With threats to student safety increasingly making headlines across the country, educators are adapting to the reality that students need additional support to feel safe in the classroom.
Districts in San Antonio have made adjustments accordingly – North East Independent School District keeps its schools' external doors locked throughout the day and implemented a clear backpack policy for all middle and high school students. But these safety procedures are only half of the equation to create a secure space, LEE High School principal Nicole Franco said.
"For a lot of kids, for a long time, school was their safe place if they were having turmoil at home, and we were their solace," Franco said. "And as we have seen an increase in schools not being safe, we are losing that sense for those kids that we are the safe place to go."
Students need a secure place to learn, Franco said, especially when they face challenges outside the classroom that can include poverty, traumatic personal incidents, loss of family members, and mental health issues.
For that reason, Communities in Schools, an organization that connects families and students to community resources, created a new staff position that focuses on building awareness of social and emotional wellness.
"Given the school tragedies at Parkland and Santa Fe, we understand teachers and administrators are now dealing with student issues, which they might not be trained to address," Communities in Schools San Antonio CEO Jessica Weaver said. "We are committed to working with teachers and school faculty so we can provide support, tools, and healing so students can have agency over their lives."
In the three years CIS has been active at LEE, the organization had several positions that worked with individual students. The new staff member will work with teachers and staff to create a larger group of adults equipped to handle student problems.
Kim Sayers started as the school's first "wellness coach" just over a week ago. Her primary focus is to work with LEE's almost 330 staff members to teach them to identify and appropriately respond to students' problems.
All staff will be included – from food service workers to teachers – because everyone working at LEE should be able to intervene when a problem arises, Franco said.
"Often times the food service worker has a relationship with the kid that maybe nobody else has," Franco said. "You just never know what the trigger for the connection is going to be."
Sayers will work with staff on a one-on-one basis, coaching them on situations that may arise, and offer training to LEE employees during professional development periods.
"I think it starts with trauma-informed care and building relationships and going through the basic issues that schools face like suicide and self-harm, those bullying types of topics, and how that relates to working with students," Sayers said.
To start, however, Sayers needs to build relationships with LEE staff members and establish trust so teachers come to her for advice.

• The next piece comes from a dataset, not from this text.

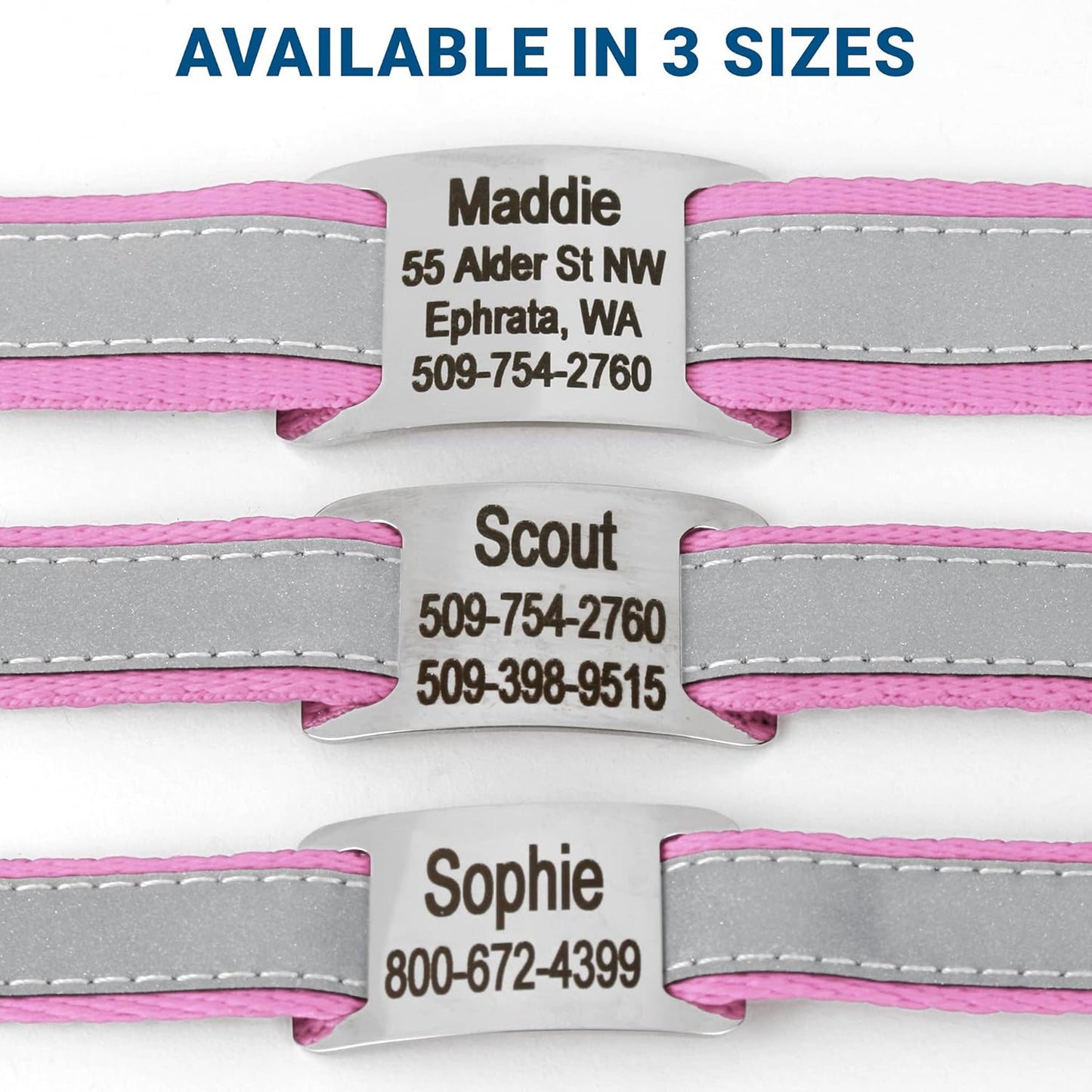 GoTags Reflective Personalized Dog Collar with Nameplate, Adjustable Dog Collar with Custom Engraved Steel Slide On Pet ID Tag, Silent, No Noise Dog Tag for Large Medium or Small (Pink, Small)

She plans to do this by visiting the teacher lounges during lunch breaks and advertising her services. Once relationships are built, Sayers said she hopes teachers who notice a student who struggles in a particular area will come to Sayers for advice on how to best offer support.

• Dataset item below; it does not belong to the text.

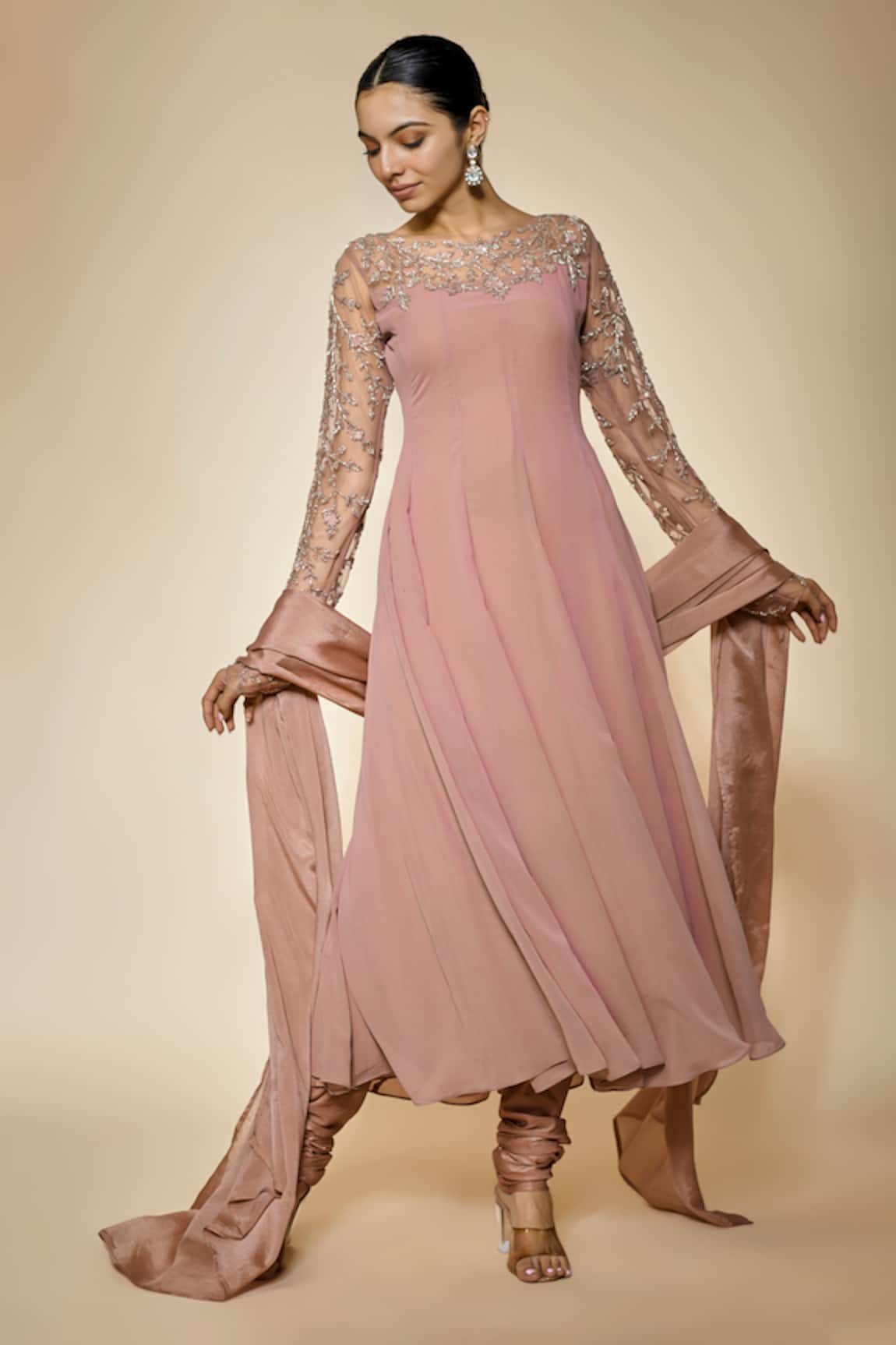 FATIZ Designer Dusty Rose Anarkali Set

LEE will also pilot an online tool that staff can use to access resources and reach out to Sayers for coaching. The website will contain a number of resources to help a teacher handle a particular situation. It is modeled after the One in Five Minds campaign, which offers similar support to address children's mental illness for parents and community members.
When additional help is needed, the website will connect the staff member to Sayers, who plans to track how much help she offers to quantify the usefulness of her position.
If all goes well, Sayers said, the mental health coach position has the potential to be scaled elsewhere in San Antonio school districts.
"This is such a large campus, so I'm sure if you can do it here, you can take it anywhere," Sayers said.
As of Wednesday morning, LEE had enrolled close to 3,250 students, making it one of the city's largest high schools. In addition to employees from Communities in Schools, NEISD employs one counselor that deals with student crises.
However, when looking at the caseload, Franco said it was "way more than one person could [handle.]"
The addition of a wellness coach adds to the network of adults that support students.
"[LEE] is a small town, and no small town has one counselor," Franco said.